Create (or interact with) your `tmux` sessions quick and easy, again and again from one simple config file!

Readme

configurable tmux with node.js CLI

Create (or interact with) your tmux sessions quick and easy, again and again from one simple config file!

📚 Contents

👉 Quick start

Requirements

This project was developed with

Getting started

Install the node-tmux CLI globally:

npm install -g node-tmux-cli

Create a config file:

node-tmux init

Edit the config file to your liking and run:

node-tmux

Default vs custom config file

node-tmux init will create a .node-tmux folder with a node-tmux-config.json file in your home directory. Running node-tmux will look for that as a default config file (with that name!). You can also run node-tmux init --local (with -l/--local flag) which creates a node-tmux-config.json file in your current directory. Whether you create such a config file that way or completely on your own, you can run any such config by passing its path with the -c/--config flag:

node-tmux --config ./some/directory/node-tmux-config.json

These files you can also name whatever you desire:

node-tmux --config ./some/directory/myConfig.json

🔬 How it works

Look at this simple config template:

{
	"$schema": "../schema/schema.json",
	"shell": "bash", // choose bash or zsh for running commands
	"sessions": {
		"mySession": [
			{
				"name": "myWindow",
				"workspacePath": "/absolute/path/to/my-awesome-project",
				"additionalPanes": [
					{
						"name": "server"
					},
					{
						"name": "watcher",
						"subPath": "subfolder",
						// results in /absolute/path/to/my-awesome-project/subfolder
						"command": "echo HELLO FROM WATCHER" // runs in the shell you configured above
					}
				]
			}
		]
	}
}

You can list any number of tmux-session configs under sessions. The porperty key (e. g. mySession) is the session name and holds a list of windows which can also hold a list of panes. Each window requires a name and a workspacePath (where the window's default pane should be initialized). Next to the default pane, the additionalPanes require a name and optionally a subPath (if it should not be initalized at the window's workspacePath, which is the default) and also optionally a command which should be run at creation (e. g. echo hello world or maybe npm run build:watch). This command will be run in bash or zsh depending what you configure as shell.

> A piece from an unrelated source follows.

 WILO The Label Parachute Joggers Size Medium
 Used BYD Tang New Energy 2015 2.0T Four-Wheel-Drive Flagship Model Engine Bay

If you run the above default config file (e. g. as default config with just node-tmux after node-tmux init) you will see something like this:

If you then provide a valid key, three scenarios are possible:

  • No session with that config is currently running
  • A session with that config is currently running in a detached state
  • A session with that config is currently running in an attached state

If no session is running, you could start it now:

Every new session starts in detached state.

Now you will have more options to deal with the session:

💡 Notice how the states will be indicated in the session list already

  • attach --> attaches the session to your current terminal
  • restart --> restarts the session
  • destroy --> kills the session
  • other --> deal with another session
  • exit --> exit CLI

💡 It is sufficient to type the first letter of each option. Also each option comes with confirmation.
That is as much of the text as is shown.